> [Exercise instructions]: Your copy of the entries below should hold exactly the lines from the one containing "Thumb Sucking Stop" to the one containing "MCFARLANE TOYS Figura", inclusive, and no pictures.

Stored data
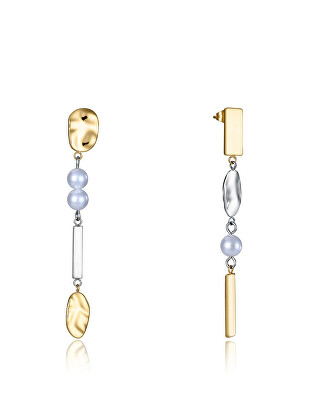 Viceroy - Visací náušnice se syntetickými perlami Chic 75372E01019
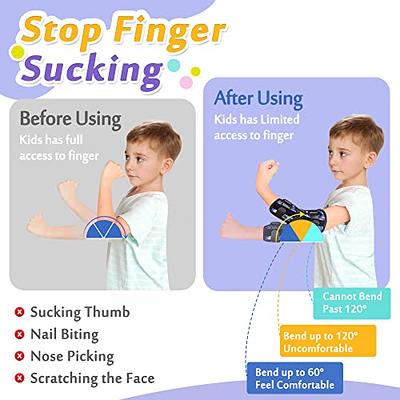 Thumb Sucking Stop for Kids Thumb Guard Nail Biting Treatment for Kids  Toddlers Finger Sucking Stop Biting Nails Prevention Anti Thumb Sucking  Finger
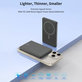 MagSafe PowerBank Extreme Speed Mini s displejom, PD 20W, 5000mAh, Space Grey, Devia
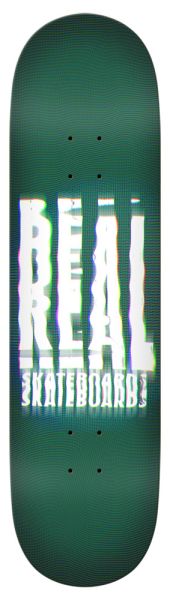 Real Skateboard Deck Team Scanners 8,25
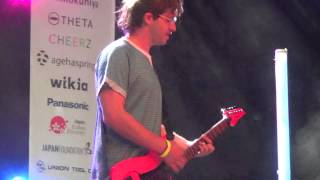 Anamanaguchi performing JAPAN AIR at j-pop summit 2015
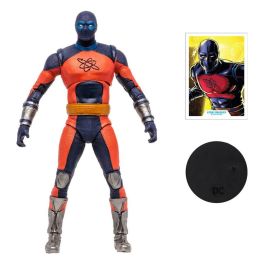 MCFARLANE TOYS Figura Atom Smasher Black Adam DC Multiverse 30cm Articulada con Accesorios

---

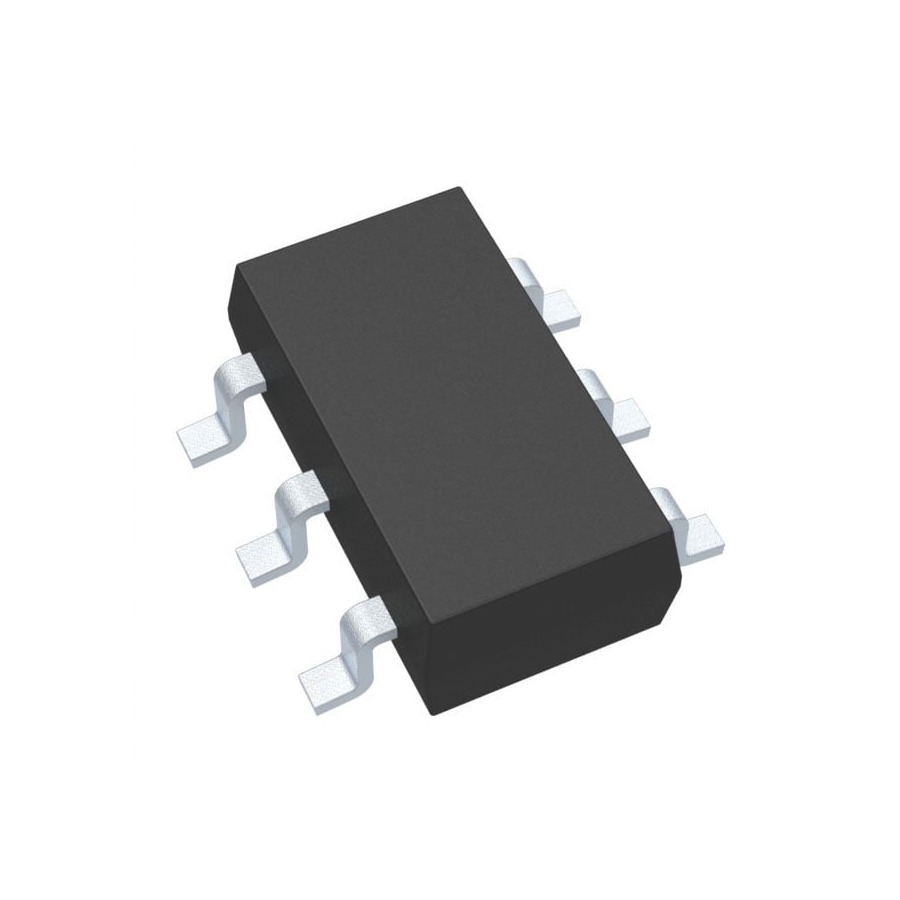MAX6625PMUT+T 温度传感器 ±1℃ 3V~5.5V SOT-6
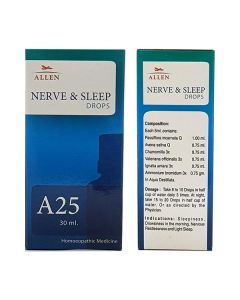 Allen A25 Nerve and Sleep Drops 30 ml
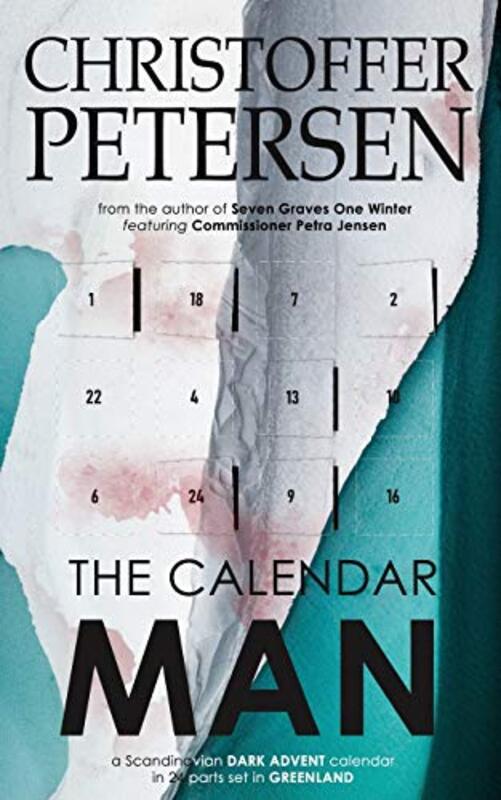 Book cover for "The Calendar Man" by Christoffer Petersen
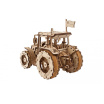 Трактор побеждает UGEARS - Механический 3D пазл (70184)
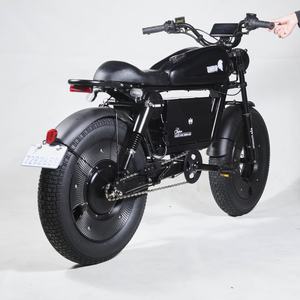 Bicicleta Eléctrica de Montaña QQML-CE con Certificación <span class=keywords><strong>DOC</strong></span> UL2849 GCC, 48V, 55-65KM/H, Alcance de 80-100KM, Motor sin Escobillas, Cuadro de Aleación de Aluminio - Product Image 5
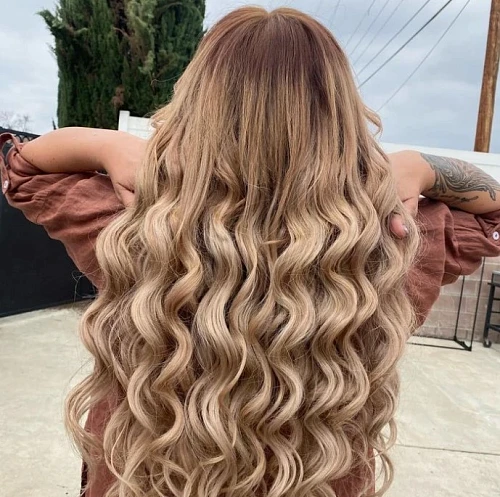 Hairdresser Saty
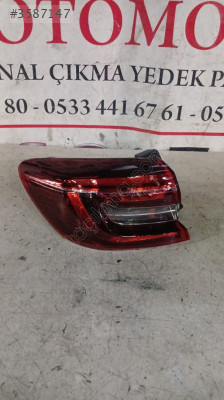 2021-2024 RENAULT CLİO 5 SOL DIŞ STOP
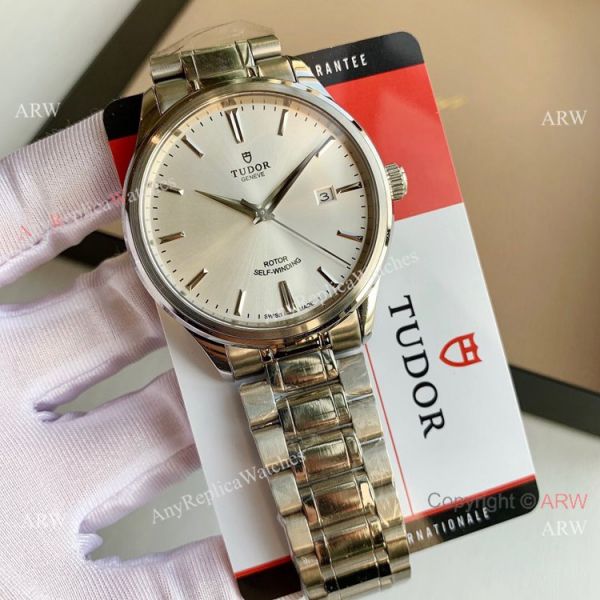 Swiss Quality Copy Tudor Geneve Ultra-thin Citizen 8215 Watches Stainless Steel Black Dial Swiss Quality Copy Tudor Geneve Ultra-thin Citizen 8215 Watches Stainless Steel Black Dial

> [Written reply]:
 Thumb Sucking Stop for Kids Thumb Guard Nail Biting Treatment for Kids  Toddlers Finger Sucking Stop Biting Nails Prevention Anti Thumb Sucking  Finger
 MagSafe PowerBank Extreme Speed Mini s displejom, PD 20W, 5000mAh, Space Grey, Devia
 Real Skateboard Deck Team Scanners 8,25
 Anamanaguchi performing JAPAN AIR at j-pop summit 2015
 MCFARLANE TOYS Figura Atom Smasher Black Adam DC Multiverse 30cm Articulada con Accesorios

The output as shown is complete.